### ACTION ITEM
Exactly and only the lines below from the one containing "The power of cult branding Cover" down to the one containing "Bible Verse Wall Art Set" are wanted, both included; please exclude every picture.

### THE INPUT
━━━━━━━━
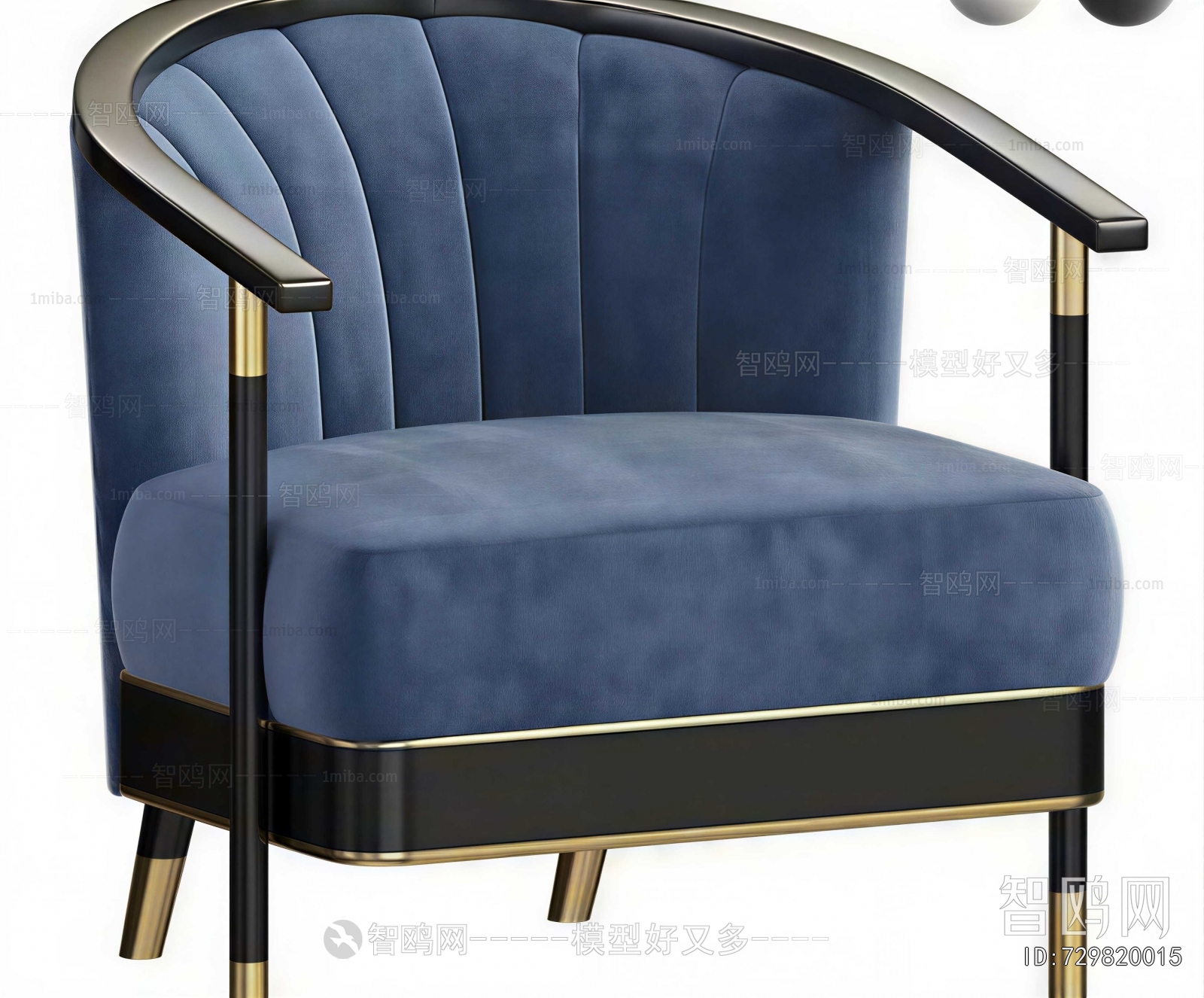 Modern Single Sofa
━━━━━━━━
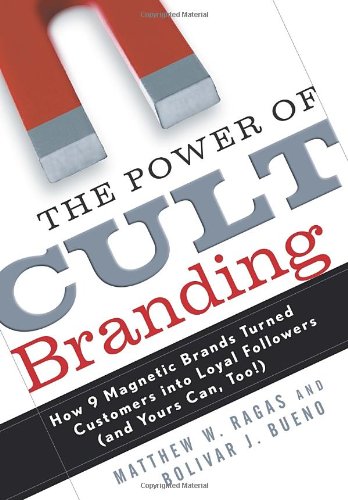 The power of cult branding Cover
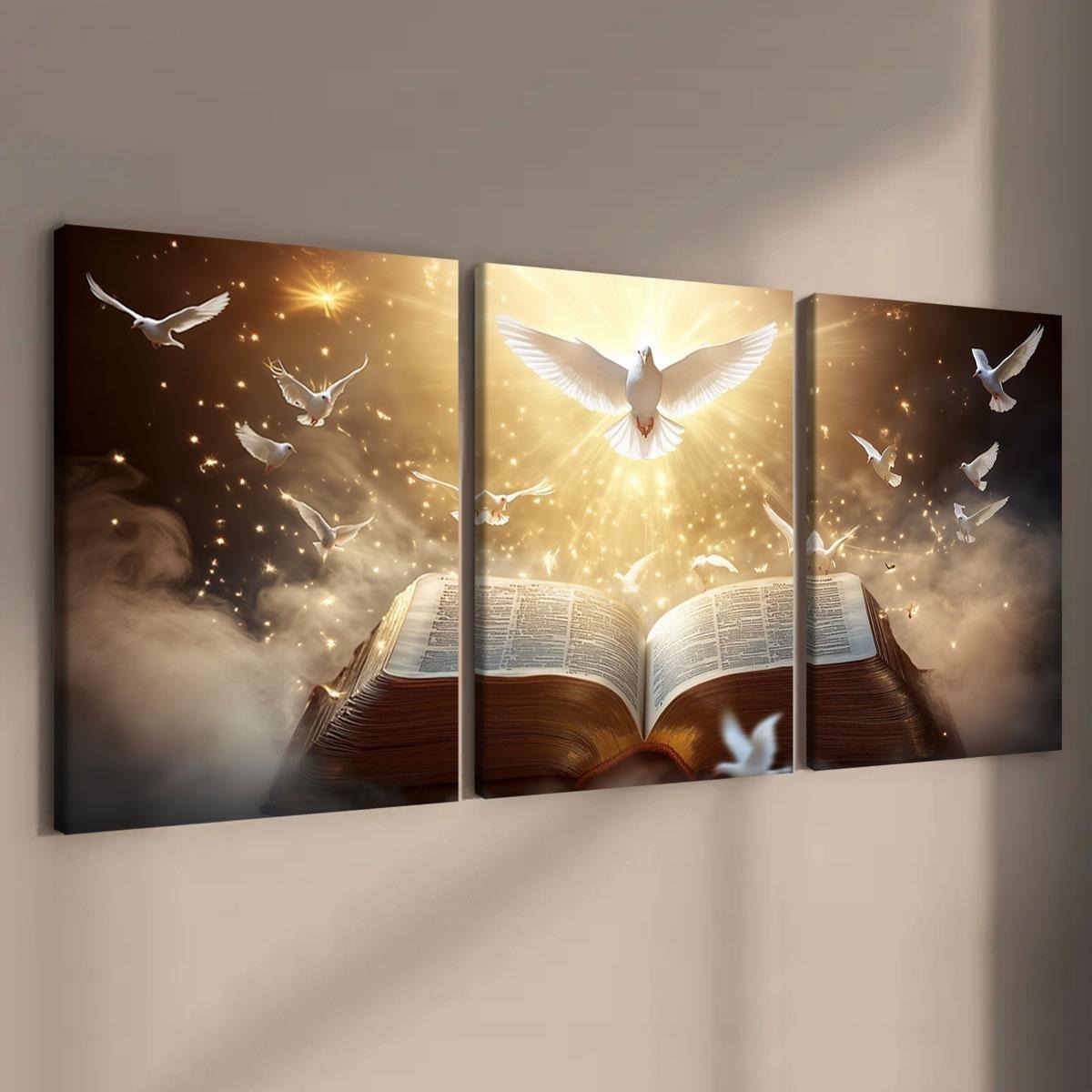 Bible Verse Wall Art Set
━━━━━━━━
### SOLVED PROBLEM
 The power of cult branding Cover
 Bible Verse Wall Art Set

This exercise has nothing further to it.